The Biblical and Patristic Doctrine of the Trinity

From: The Greek Orthodox Theological Review, vol. 37 (Νov.) 3-4, Holy Cross Orthodox Press, Brookline, Mass., 1992.

8. Conclusions

The foregoing presentation of the biblical and patristic doctrine of the unity of the Trinity does not cover the entire Christian doctrine about God, while some aspects of it, like, the procession of the Holy Spirit, the identity of will and energy of the divine persons, etc., need further elaboration.  What has been said, however, gives us a clear clue to the ‘mystery’, that is, to the fact that the Christian doctrine about God cannot be expressed in a concrete formula, for revealing Himself God is plenitude of stains, which cannot compromise with each other.  Thus, his power is restrained by His wisdom; His love is restrained by his justice; His transcendence is restrained by His revelation, etc.  If we want to get a ‘complete’ and ‘clear’, as much as possible, picture about God, corresponding to the revealed reality, we must take all these of His revelation into account.  Otherwise, if we try to adjust them to ‘our’ picture about God and reconcile them with human reason, we distort the mystery of the Trinity, which, lying beyond reason, is subject to faith alone, for God the Creator of the universe is identical with God the redeemer and with God the sanctifier.  To human reasoning, the paradox of the Christian faith, “One God in three Persons” is a contradiction; as a contradiction also the other theological proposition that the three divine Persons, though united in one substance, are distinguished from each other on account of attributes peculiar to each one.  Thus God is one distinguished within Himself as Father, Son, and Holy Spirit.  It is plain then that this theological proposition does not explain the mystery of the Trinity, but rather preserves it by showing that there is no other (human) way available to approach it.  The intention of theology is not ‘gnosiological’ but ‘doxological’.

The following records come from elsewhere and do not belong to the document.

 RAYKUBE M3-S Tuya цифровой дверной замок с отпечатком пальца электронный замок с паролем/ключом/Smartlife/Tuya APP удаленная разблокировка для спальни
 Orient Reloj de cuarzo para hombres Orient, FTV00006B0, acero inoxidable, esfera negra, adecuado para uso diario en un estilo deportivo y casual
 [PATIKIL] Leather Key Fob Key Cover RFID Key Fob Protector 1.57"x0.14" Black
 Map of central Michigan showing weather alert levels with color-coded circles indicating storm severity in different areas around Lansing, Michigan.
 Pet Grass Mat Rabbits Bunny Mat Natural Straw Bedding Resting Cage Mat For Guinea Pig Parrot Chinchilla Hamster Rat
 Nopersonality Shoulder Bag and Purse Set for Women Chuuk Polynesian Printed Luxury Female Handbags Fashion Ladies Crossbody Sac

In the same context we must identify the revealed and transcendent Trinity and at the same time differentiate them.  In the first case, the fact that in Jesus we have “the whole fullness of deity” (Colossians 2:9) indicates that the transcendent, eternal God is identical with the revealed; that revelation is the way to His knowledge in Himself, that is, in His eternal existence.  Otherwise, revelation would be stripped of its absolute character and leave room for additional, human ways to God’s knowledge.  At the same time, however, it is equally important to distinguish between transcendent and revealed reality in God.  In other words, the fact that God reveals himself does not imply that we can have a complete and perfect knowledge of Him in Himself.  The fact that it was not the whole Trinity which was incarnated, but only the Son, compels us to be very careful in identifying between revealed and transcendent God, in spite of the fact that the Son revealed the fullness of the deity.  Thus, the difference here is between ‘substance’ and ‘energy’, the first indicating God in Himself, in his transcendent existence beyond any conception and knowledge, while the second indicating God’s activity in the world alone is subject to knowledge.  ‘Substance’ and ‘energy’, therefore, are two aspects of the same reality; the revealed God remains a mystery, and being a mystery He is revealed.   Revelation does not remove or explain the mystery, while the mystery does not hinder revelation.  Though identified in the same entity, substance and energy are at the same time differentiated, indicating God in mystery and God in revelation.  Thus, dealing with God in His revealed reality, theology tries at the same time to ‘protect’ Him from the arbitrariness and autonomy of human reason.